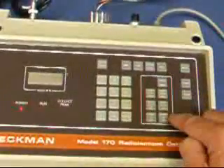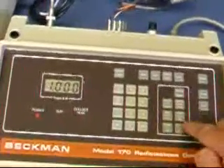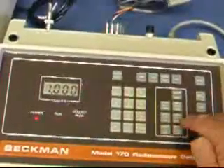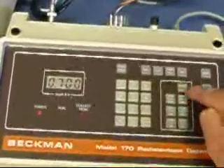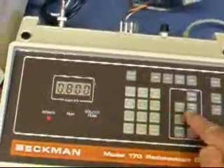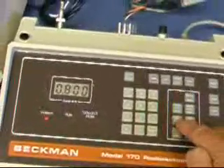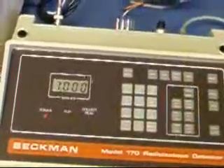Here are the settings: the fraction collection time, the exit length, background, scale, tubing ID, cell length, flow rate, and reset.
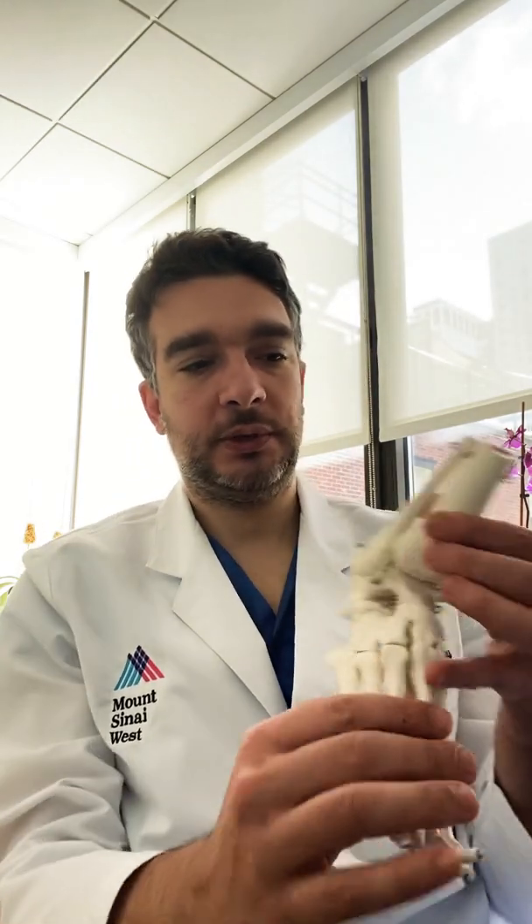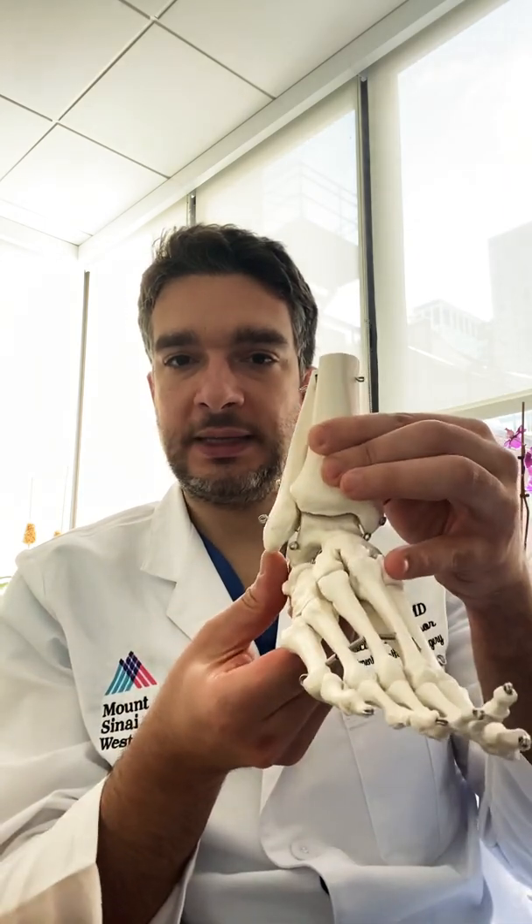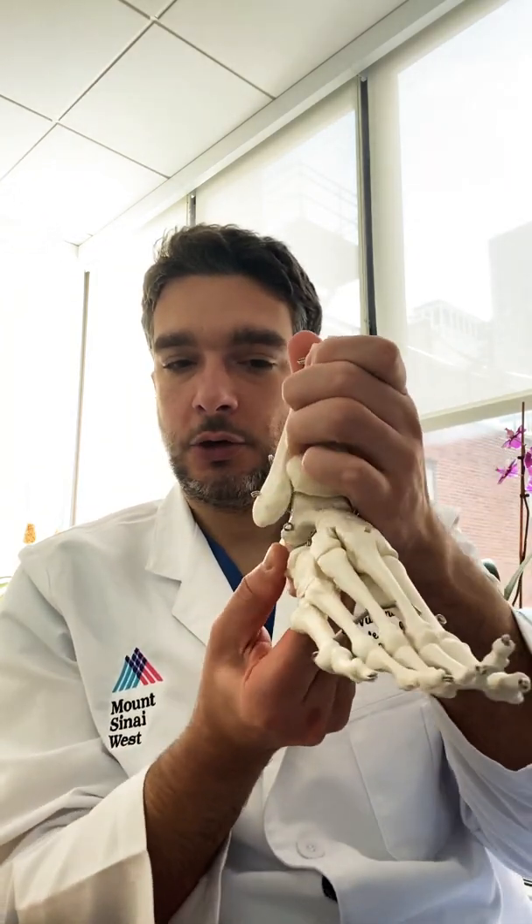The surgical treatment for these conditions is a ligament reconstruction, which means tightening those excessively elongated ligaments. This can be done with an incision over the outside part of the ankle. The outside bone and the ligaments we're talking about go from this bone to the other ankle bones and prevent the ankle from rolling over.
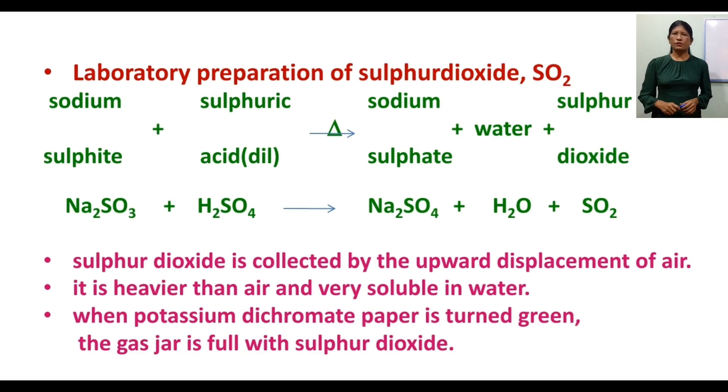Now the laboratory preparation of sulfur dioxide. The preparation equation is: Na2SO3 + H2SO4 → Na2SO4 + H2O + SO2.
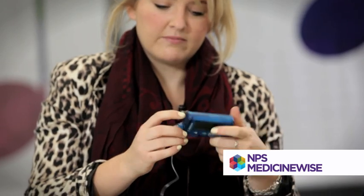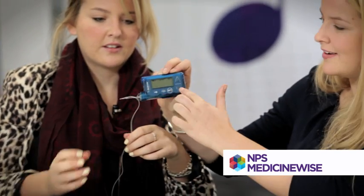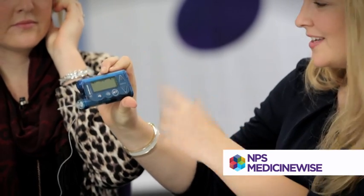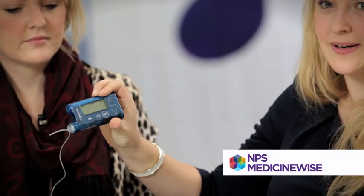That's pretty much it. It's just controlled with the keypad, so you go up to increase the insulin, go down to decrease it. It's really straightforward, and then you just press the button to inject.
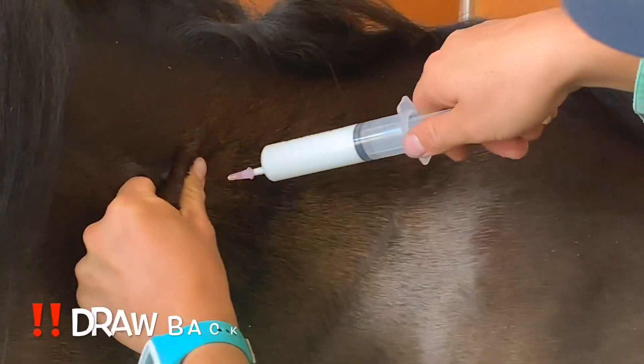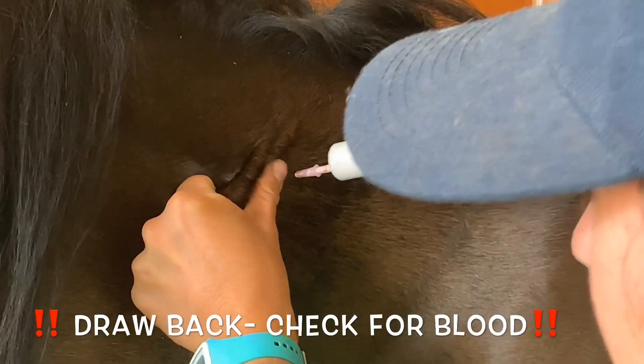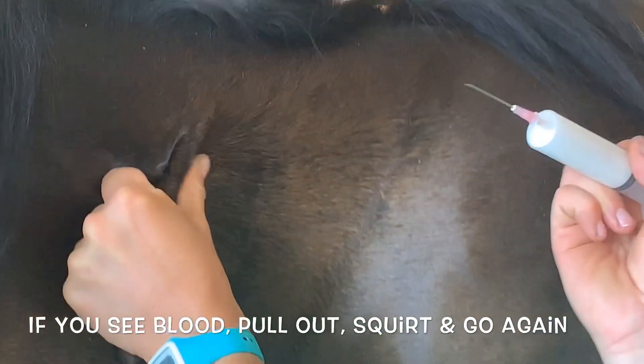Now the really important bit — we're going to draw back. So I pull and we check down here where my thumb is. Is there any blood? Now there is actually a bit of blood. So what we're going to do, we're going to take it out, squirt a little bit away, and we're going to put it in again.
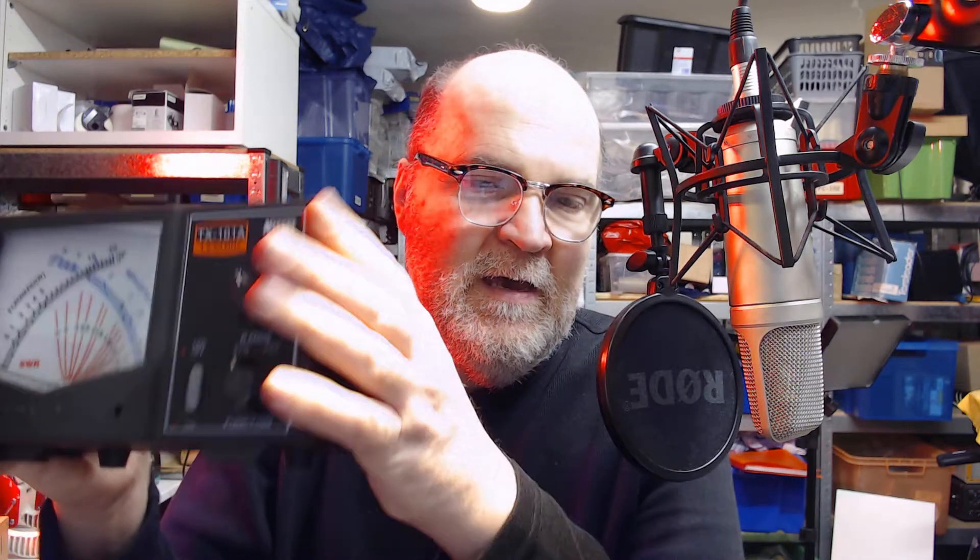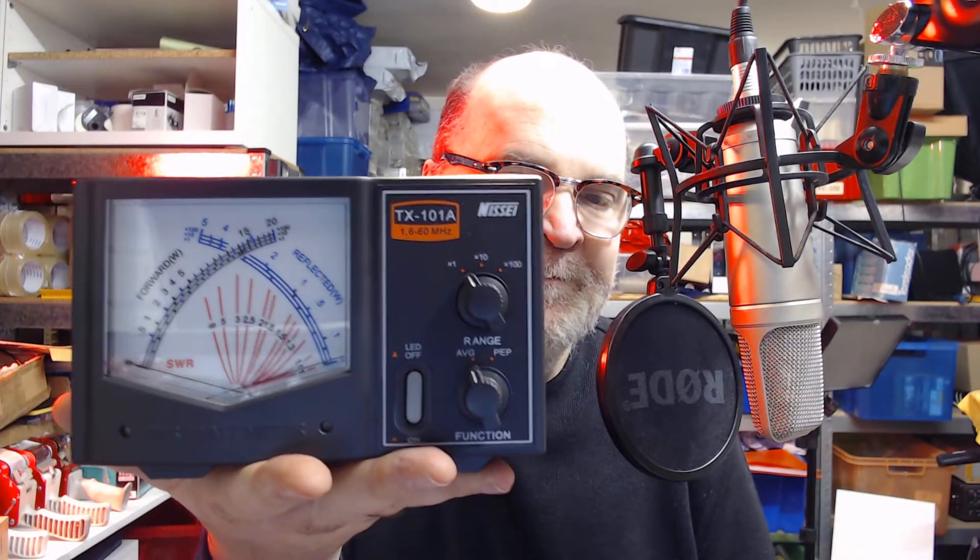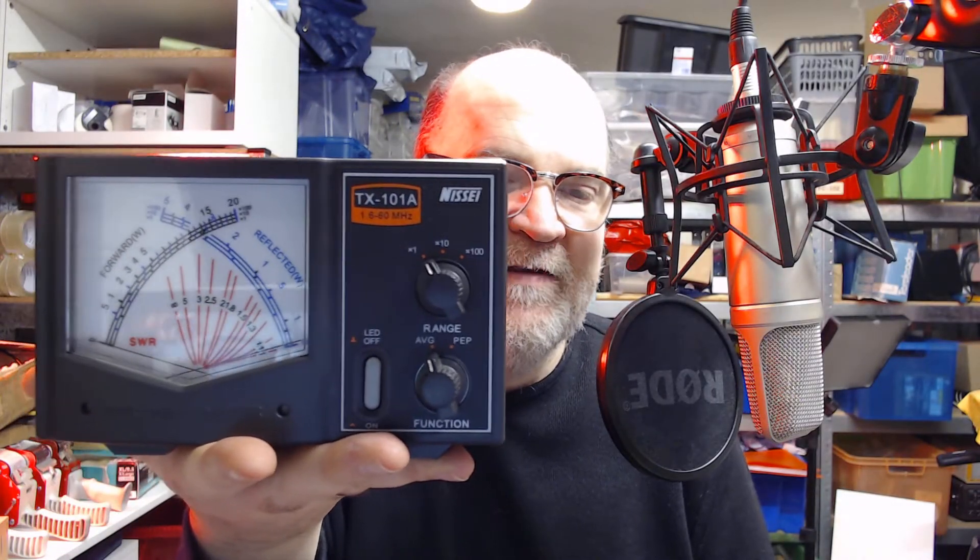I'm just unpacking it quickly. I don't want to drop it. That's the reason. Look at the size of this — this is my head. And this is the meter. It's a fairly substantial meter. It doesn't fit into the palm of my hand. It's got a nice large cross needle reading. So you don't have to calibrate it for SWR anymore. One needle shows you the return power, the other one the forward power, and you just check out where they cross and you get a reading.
* * *
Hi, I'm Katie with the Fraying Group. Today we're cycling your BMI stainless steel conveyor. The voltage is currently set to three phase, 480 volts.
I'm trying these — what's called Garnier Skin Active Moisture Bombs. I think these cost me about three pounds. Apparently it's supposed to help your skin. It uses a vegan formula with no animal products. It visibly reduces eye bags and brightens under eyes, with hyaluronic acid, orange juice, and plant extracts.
* * *
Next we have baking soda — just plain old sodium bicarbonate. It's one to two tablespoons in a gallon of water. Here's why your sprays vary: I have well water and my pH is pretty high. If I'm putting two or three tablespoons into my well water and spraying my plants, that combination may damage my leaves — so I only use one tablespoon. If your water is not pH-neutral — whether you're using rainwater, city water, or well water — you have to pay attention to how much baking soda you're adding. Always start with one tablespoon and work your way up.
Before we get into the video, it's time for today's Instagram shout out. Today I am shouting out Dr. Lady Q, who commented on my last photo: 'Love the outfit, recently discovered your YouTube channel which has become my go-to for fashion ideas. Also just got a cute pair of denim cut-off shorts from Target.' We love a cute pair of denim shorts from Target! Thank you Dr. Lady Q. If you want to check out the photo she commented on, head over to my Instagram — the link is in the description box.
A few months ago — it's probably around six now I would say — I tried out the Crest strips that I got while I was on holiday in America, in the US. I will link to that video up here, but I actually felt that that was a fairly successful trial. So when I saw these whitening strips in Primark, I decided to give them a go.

_TASK BRIEF:_
Text only, no pictures: please print exactly the lines above from the line with "Here are the" up to and including the line with "I'm just unpacking", and nothing else.

_TASK RESPONSE:_
Here are the settings: the fraction collection time, the exit length, background, scale, tubing ID, cell length, flow rate, and reset.
The surgical treatment for these conditions is a ligament reconstruction, which means tightening those excessively elongated ligaments. This can be done with an incision over the outside part of the ankle. The outside bone and the ligaments we're talking about go from this bone to the other ankle bones and prevent the ankle from rolling over.
Now the laboratory preparation of sulfur dioxide. The preparation equation is: Na2SO3 + H2SO4 → Na2SO4 + H2O + SO2.
That's pretty much it. It's just controlled with the keypad, so you go up to increase the insulin, go down to decrease it. It's really straightforward, and then you just press the button to inject.
Now the really important bit — we're going to draw back. So I pull and we check down here where my thumb is. Is there any blood? Now there is actually a bit of blood. So what we're going to do, we're going to take it out, squirt a little bit away, and we're going to put it in again.
I'm just unpacking it quickly. I don't want to drop it. That's the reason. Look at the size of this — this is my head. And this is the meter. It's a fairly substantial meter. It doesn't fit into the palm of my hand. It's got a nice large cross needle reading. So you don't have to calibrate it for SWR anymore. One needle shows you the return power, the other one the forward power, and you just check out where they cross and you get a reading.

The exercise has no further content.